Seguiram rumo ao Sul, pelas quentes e secas areias do Saara, escondendo-se nos dias claros e tórridos daquele Agosto quinhentista, caminhando nas noites gélidas, com os seus passos guiados pela linha do mar e pela cintilação das estrelas. Entre eles, já não havia rei, nem súbditos, todos eram iguais: cansados, esfomeados, sequiosos e fugitivos. Não se sabe quantos dias andaram nesta retirada. No limite das forças, tiveram de tomar uma decisão dramática, empurrada pelo instinto de sobrevivência. Precisavam de comer, mas não tinham o quê. Decidiram que um deles seria sacrificado, para que os outros se pudessem salvar. Tiraram as sortes, e a mais aziaga calhou ao rei. De nada lhe adiantou invocar a sua majestade nem o direito divino. Foi esquartejado e repartido entre os sobreviventes, que se banquetearam com as carnagens reais.
Mais uma vez, como tantas outras, o destino zombou dos homens. Por uma estranha ironia, quando ainda estavam mergulhado no torpor pós-prandial que os atacou depois de tão extraordinária refeição, avistaram ao longe uma nau, que só podia ser portuguesa. Correram à praia, acenando, furiosos, com a bandeira real que um deles tivera a lembrança de trazer consigo.
Foi assim que se viram de regresso a Portugal. Antes de embarcarem, juraram guardar segredo quanto ao acontecido com o rei D. Sebastião, o qual lhes poderia ter sabido bem melhor, tivessem eles sal e pimenta. Como a tragédia daqueles homens parecia não ter fim, quando já chegavam a Lisboa, depois de atravessarem todo aquele mar, levantou-se tamanha tempestade, que fez o navio naufragar. Nenhum deles se salvou, a não ser o Guimarães, que deu à costa na praia de Carcavelos. Em Guimarães, Baltazar Alcoforado foi recebido como um herói. Era ele, afinal, um estóico sobrevivente de uma aventura insana cujas consequências Portugal pagaria com a sua própria independência. Nunca contou a ninguém a verdade do que se tinha passado com ele naquela praia da Mauritânia.

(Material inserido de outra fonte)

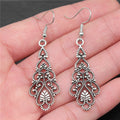 Filigree Teardrop Earrings in Detailed Metal Finishes for Jewelry Making view 3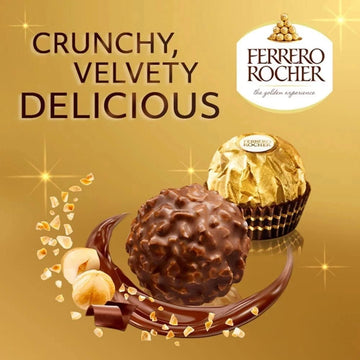 Ferrero Rocher 48 Piece Chocolate Gift Box 600g Milk Chocolate Hazelnut Pralines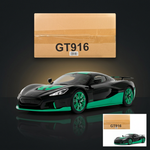 GT Spirit 1:18 2023 Rimac Nevera Black with Green Stripes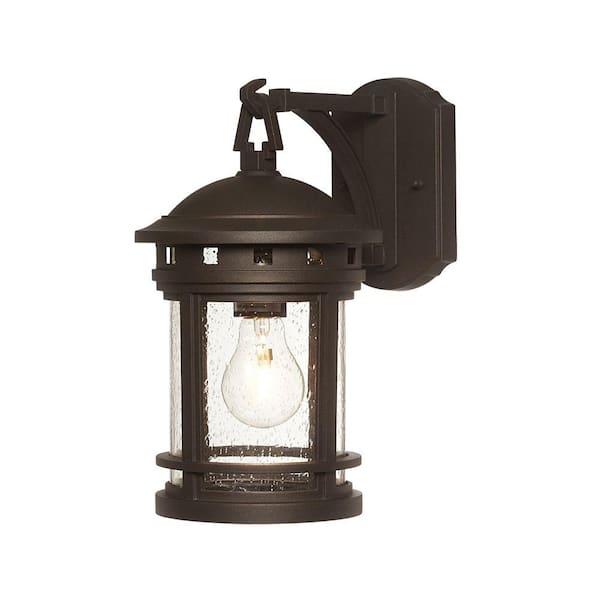 Designers Fountain Sedona 13 in. Oil Rubbed Bronze 1-Light Outdoor Line Voltage Wall Sconce with No Bulb Included
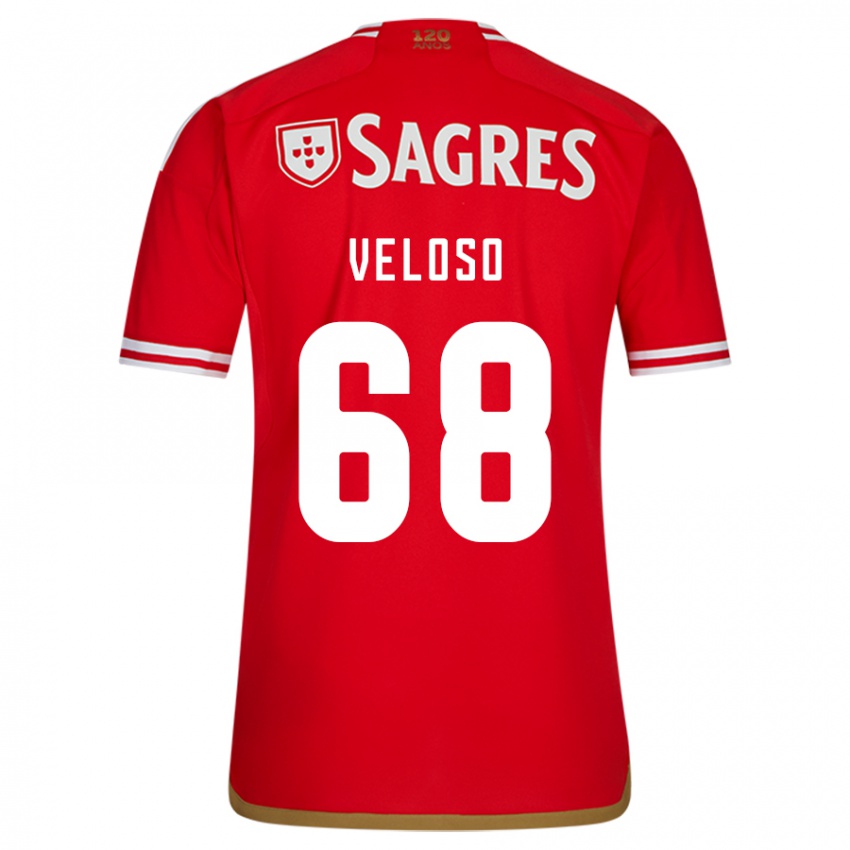 Niño Camiseta João Veloso #68 Rojo 1ª Equipación 2023/24 La Camisa México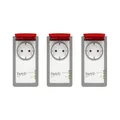 Produktbild: AVM FRITZ!DECT 210 3er-Pack Smarte Außensteckdose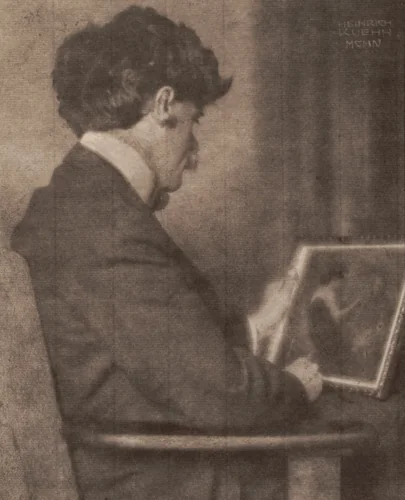 Alfred Stieglitz by Heinrich Kühn, photograph, 1904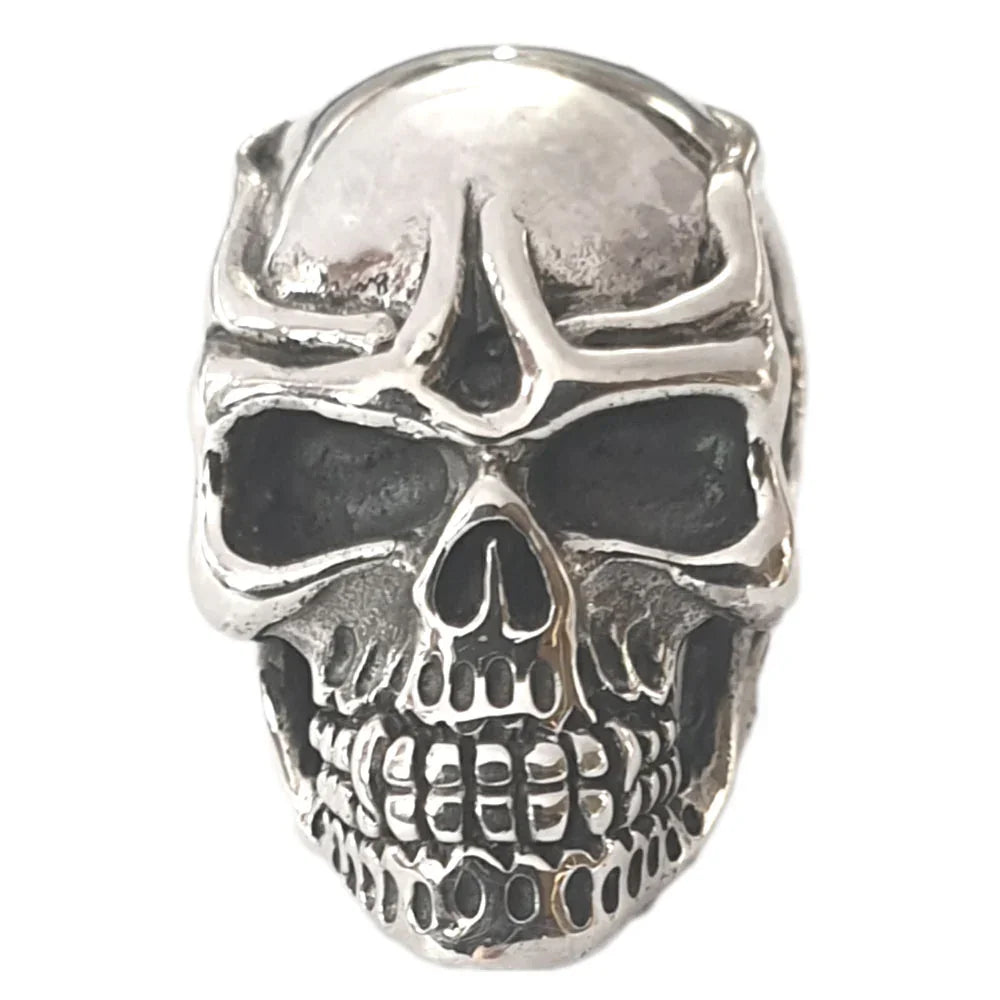 Schädel Skull Schmuck Anhänger 925er Silber 13 x 13 x 20 mm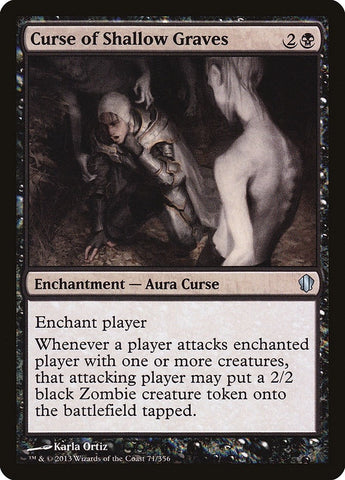 Image for Curse of Shallow Graves (71) [Commander 2013]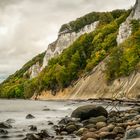 Kreidefelsen im Jasmund NP, Rügen.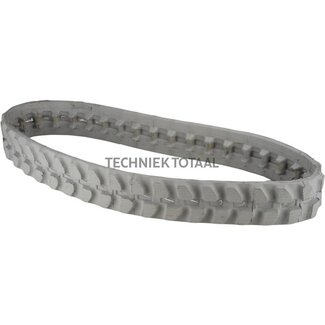 Rubber track white non-marking 180 mm, pitch 72 mm, 34 links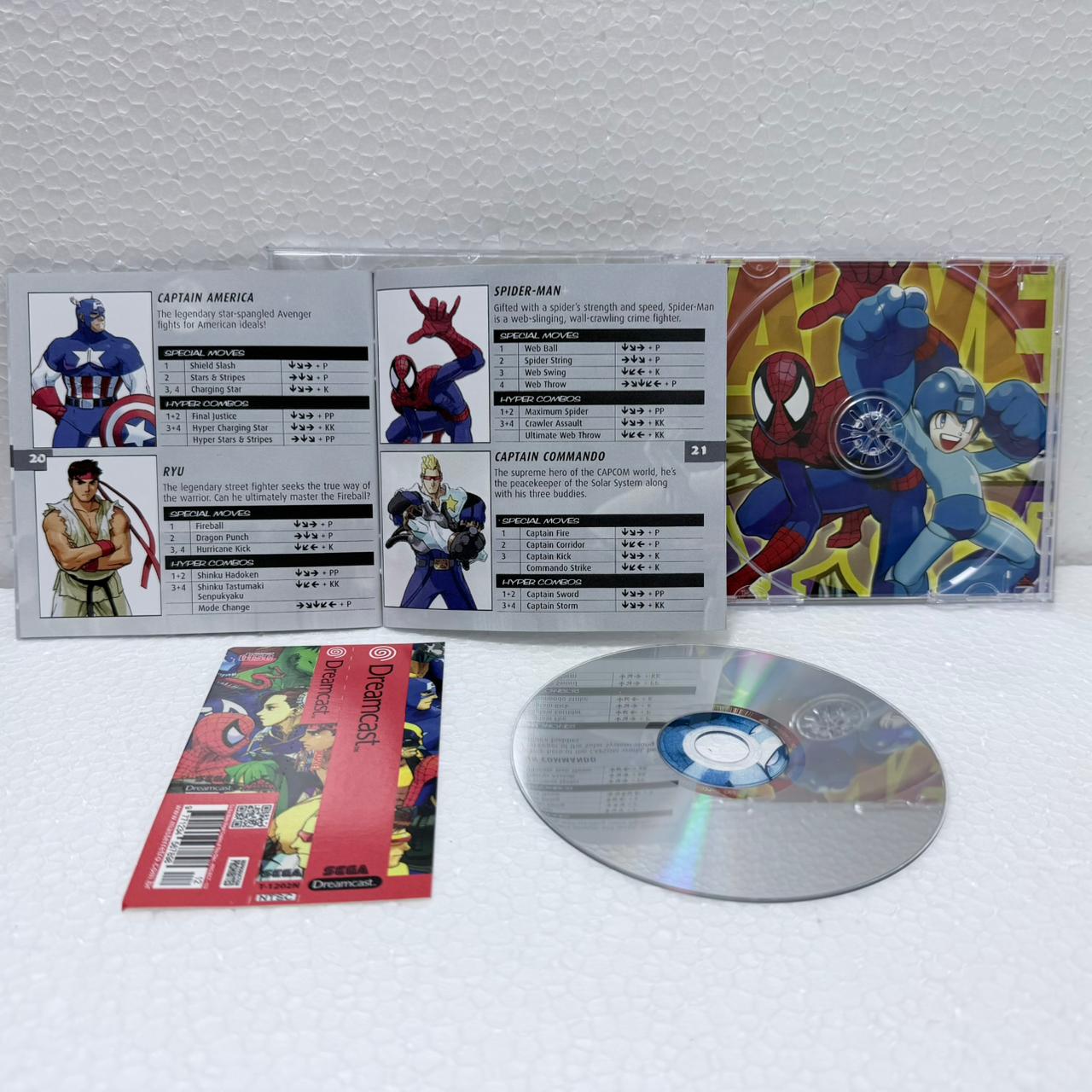Marvel Vs Capcom clash of super heroes -Dreamcast
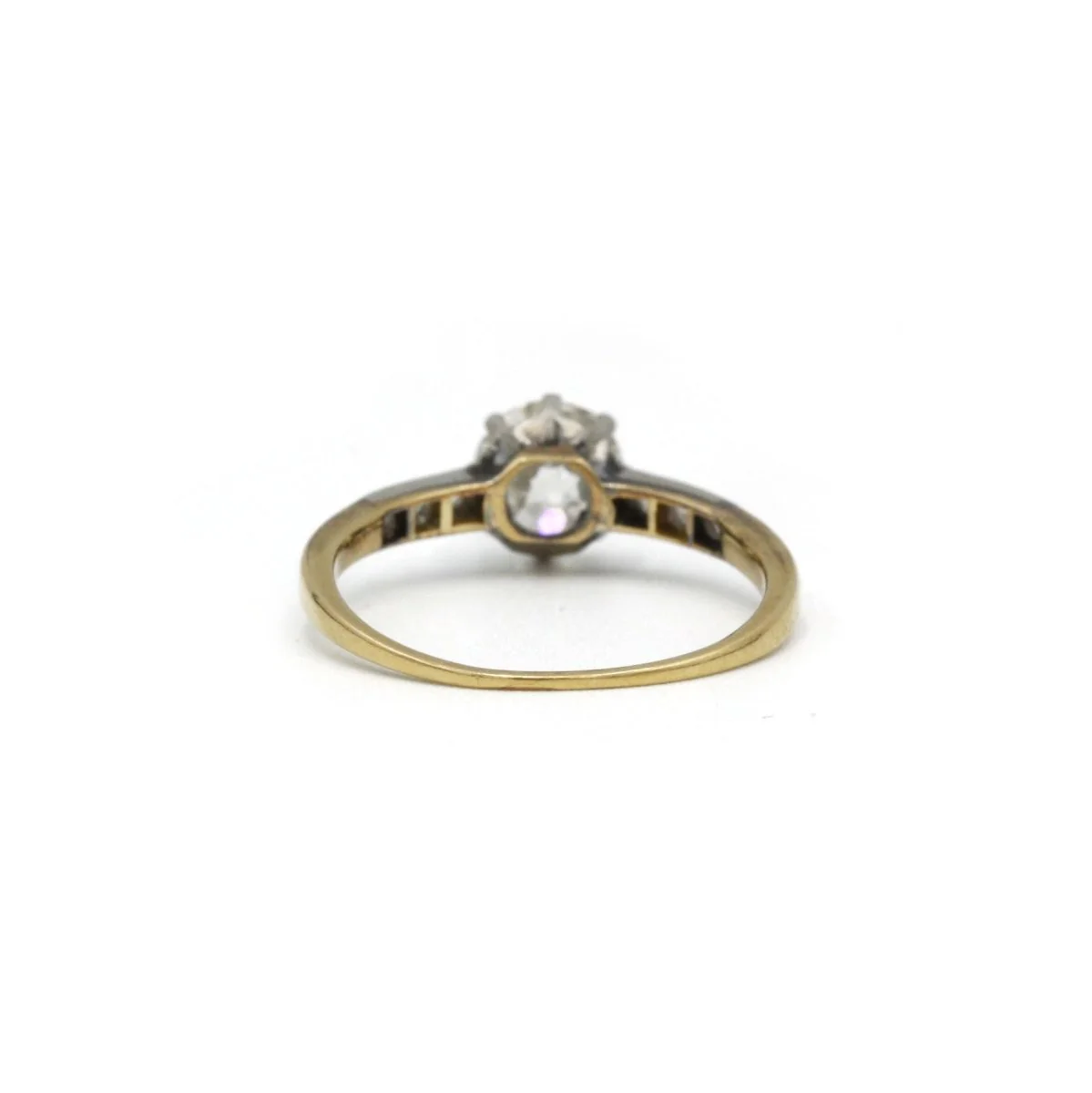 Solitaire - Or, Platine & Diamants - Image 2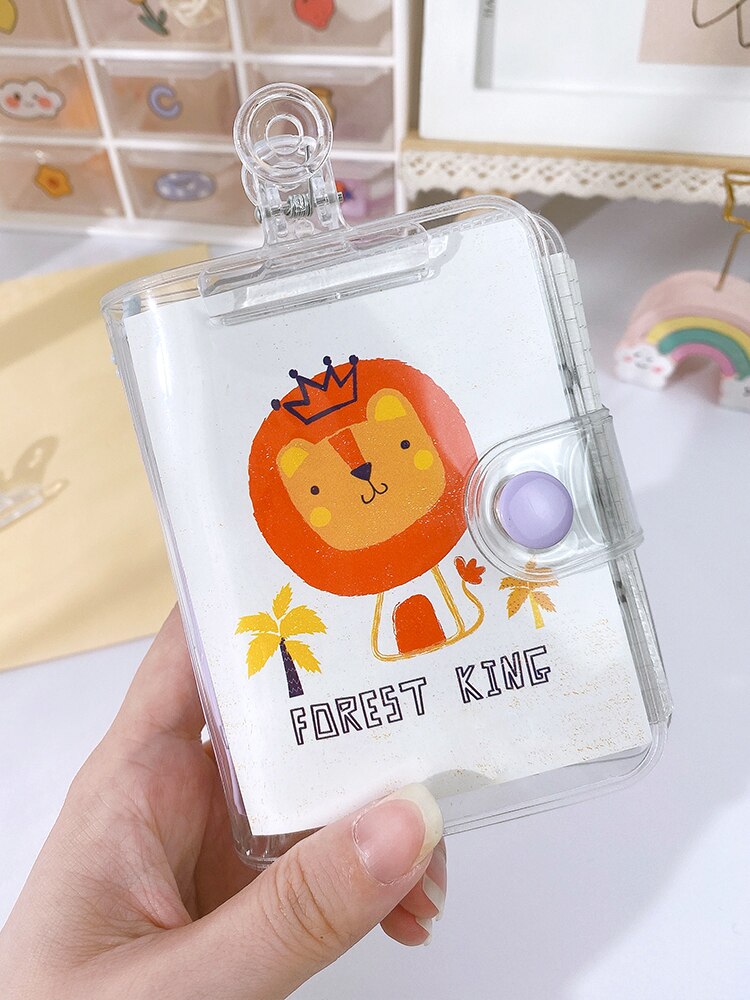 Aikeen Simple Transparent File Binder Clip Small Acrylic Clear Binder Mini Paper Clips Large 65cm 38cm School Office Stationery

A ninguém, excepto ao padre Inácio Laranjo, claro, mas foi como se o não tivesse contado, posto que o assunto ficou resguardado por segredo de confissão. Quando morreu, decidiram fazer uma estátua que perpetuasse a memória daquele herói vimaranense. Na altura, alguns estranharam o alvitre insistente e enigmático do Padre Inácio, homem que tinha tanto, ou menos, de piedoso como de gaiteiro, para que o representassem com uma cara na barriga. O mestre-pedreiro não viu nenhum mal na pilhéria, e fez-lhe a vontade.
E lá ficou o Guimarães, para a posteridade, imponente, sereno e majestoso. Ao contrário do que por aí dizem, não tem duas caras. Mas tem o rei na barriga.